Skalę ambicji bolszewickiego kierownictwa latem 1920 roku oddaje najpełniej wymiana depesz między Leninem, a Stalinem ( który bezpośrednio nadzorował wówczas natarcie Armii Czerwonej na Lwów ).
23 lipca Lenin pisał do Stalina: „Uważam ,że należałoby w tej chwili pobudzić rewolucję we Włoszech. Uważam osobiście, że należy w tym celu sowietyzować Węgry, a być może także Czechy i Rumunię”.
Stalin, który obiecywał w ciągu tygodnia zająć Lwów, następnego dnia odpowiedział – teraz kiedy mamy Komintern, pokonaną Polskę i mniej, czy bardziej przyzwoitą Armię Czerwoną , byłoby grzechem nie pobudzić rewolucji we Włoszech. Należy postawić kwestię organizacji powstania we Włoszech i w takich jeszcze nieokrzepłych państwach jak Węgry, Czechy, (Rumunię przyjdzie rozbić).
Najkrócej mówiąc trzeba podnieść kotwicę i puścić się w drogę, póki imperializm nie zdążył jako tako podreperować swojej rozwalającej się fury. Stalin, zanim ruszył pod Lwów, zdążył już zająć się opracowaniem teoretyczno – ustrojowych rozwiązań, aby poszerzyć sowieckie imperium. We wcześniejszym liście do Lenina zwracał uwagę, że przyszłe sowieckie Niemcy, sowiecka Polska, Węgry, czy Finlandia nie powinny być od razu przyłączone do sowieckiej Rosji na takiej samej federacyjnej zasadzie jak Baszkiria, czy Ukraina, ale zasługują na wprowadzenie dla nich zasady konfederacji, czasowo honorującej tradycje ich jako odrębności państwowe.
Trocki z kolei nalegał 17 lipca na zwiększoną agitację wśród polskich robotników i chłopów w celu zaszczepiania w ich świadomości nowych bohaterów narodowych których dotąd nie znali towarzyszy Dzierżyńskiego, Marchlewskiego, Radka, Unszlichta i innych.
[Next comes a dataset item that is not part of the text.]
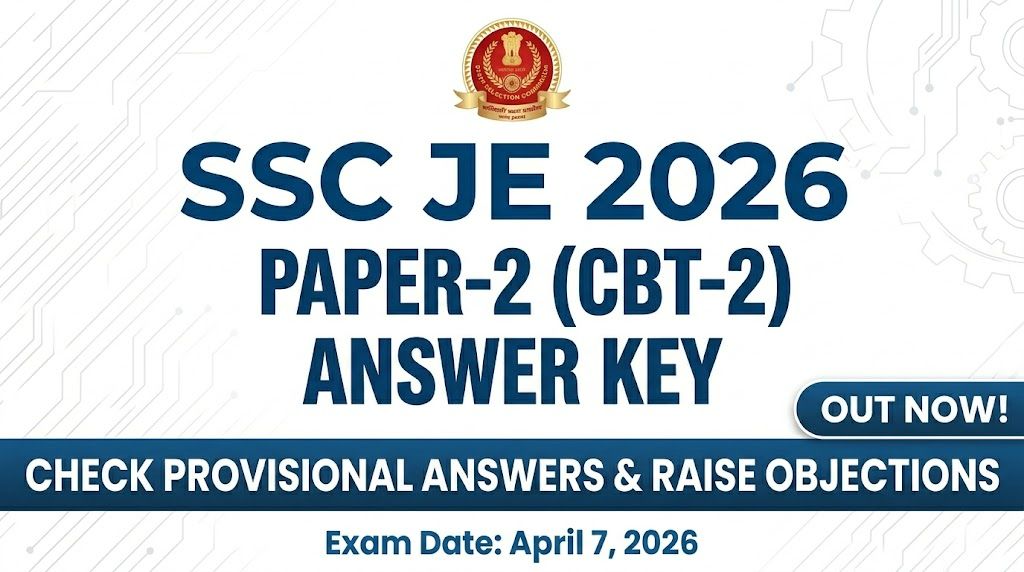SSC JE CBT-2 Answer Key 2026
Oni mieli zastąpić Piłsudskiego, Dmowskiego, Witosa, czy Paderewskiego w nowej Polsce.
DOBIĆ POLSKĘ
W Moskwie trwał II kongres Międzynarodówki Komunistycznej. Delegaci z entuzjazmem patrzyli na wielką mapę, na której codziennie przesuwały się na zachód czerwone chorągiewki. Izaak Babel, wielki pisarz, a w lecie 1920 roku politruk towarzyszący 1. Armii Konnej Siemiona Budionnego w wielkim rajdzie na Polskę tak zapisywał na gorąco swoje wrażenia z tego momentu:
– „moskiewskie gazety z 29 lipca. Otwarcie II kongresu Kominternu, nareszcie urzeczywistnia się jedność ludów, wszystko jasne ; są dwa światy i wojna jest wypowiedziana. Będziemy wojować w nieskończoność. Rosja rzuciła wyzwanie. Ruszamy w głąb Europy aby zdobyć świat. Czerwona Armia stała się czynnikiem o znaczeniu światowym”. Podniecony otwierającymi się perspektywami Lenin jeszcze 12 sierpnia nawoływał ze zniecierpliwieniem na posiedzenie Politbiura.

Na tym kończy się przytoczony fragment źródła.